La plante n’a, d’autre part, aucun stress, car elle sait qu’elle peut compter sur l’exacte quantité d’eau qui lui est nécessaire sans qu’il y ait de déperdition, car l’eau solide ne s’infiltre pas dans la terre ni ne s’évapore. Sur son bureau, Sergio Rico nous montre une magnifique plante verte qui n’a pas été arrosée depuis 176 jours. Sergio Rico améliore sa technique depuis cinq ans. Il a déposé un brevet dans le monde entier sous le nom de “Silos de Agua”. Sa technique est déjà employée avec succès en Inde pour les cultures de fruits, de cacahuètes, de coton, de blé et palmes. Avec un système traditionnel, ces cultures requièrent une irrigation de 80 litres d’eau par semaine, avec l’utilisation de l’eau solide, il ne faut que 50 litres tous les 3 mois. Un même succès en Colombie, en Équateur, en Espagne et au Portugal où son procédé est utilisé pour les cultures en serres ou dans les programmes de reforestation. “Les agriculteurs, qui connaissent les coûts de production, sont les plus intéressés, car ils voient immédiatement les économies d’eau qu’ils vont faire avec notre produit.” Silos de Agua est très bon marché puisque le sac de 25 kilos pour un hectare ne coûte que 400 euros et dure 10 ans. Autre avantage, l’eau solide se transporte facilement, ce qui est très pratique pour les lieux difficiles d’accès, que ce soit à dos de mule ou en hélicoptère. Les grandes sociétés agricoles mexicaines commencent à s’habituer à cette nouvelle technologie et ont de plus en plus souvent un stock d’eau solide au cas où les pluies cesseraient avant la récolte. C’est également un produit idéal pour arrêter les incendies. En déposant à même le sol des sacs d’eau solide, les feux rencontrent une masse d’humidité qui ne s’évapore pas, ils s’éteignent d’eux-mêmes sans mettre en danger la vie des pompiers. Le rêve de Sergio Rico serait bien sûr de convaincre le ministre de l’Agriculture du Mexique de lancer une campagne d’information et d’assistance technique pour permettre aux zones les plus touchées par le changement climatique d’optimiser l’usage de l’eau de pluie. Il aimerait voir sa technologie au service des paysans mexicains les plus démunis. Pour l’heure, il ne recueille que des applaudissements, des diplômes et de bonnes paroles. Nominé pour le Prix mondial de l’eau en 2011 par le Stockholm International Water Institute, Silos de Agua espère bien remporter la palme en 2012. Ce serait alors le coup de pouce nécessaire pour une application mondiale.
Cheick Amadou Dia
Merci Cheick Amadou Dia pour ces deux très bons articles (sur une seule page !).

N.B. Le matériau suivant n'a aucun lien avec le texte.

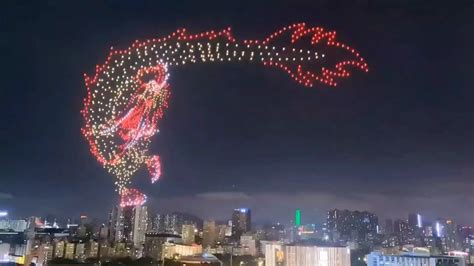 WATCH: 1500 drones paint a flying dragon in China's sky - Sound & Video ...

Pour ajouter aux alternatives concernant les sacs plastiques :
1° il faut rester vigilant sur la notion de biodégradabilité : les oxo-biodégradable contiennent un additif chimique (qui permet de casser la chaîne moléculaire au bout de 2 ou 3 années)… qui ne fait pas l’unanimité de la communauté scientifique. Les vrais bioplastiques accaparent des terres cultivables, et ce n’est pas vraiment le moment, surtout au Mali… bref c’est pas facile !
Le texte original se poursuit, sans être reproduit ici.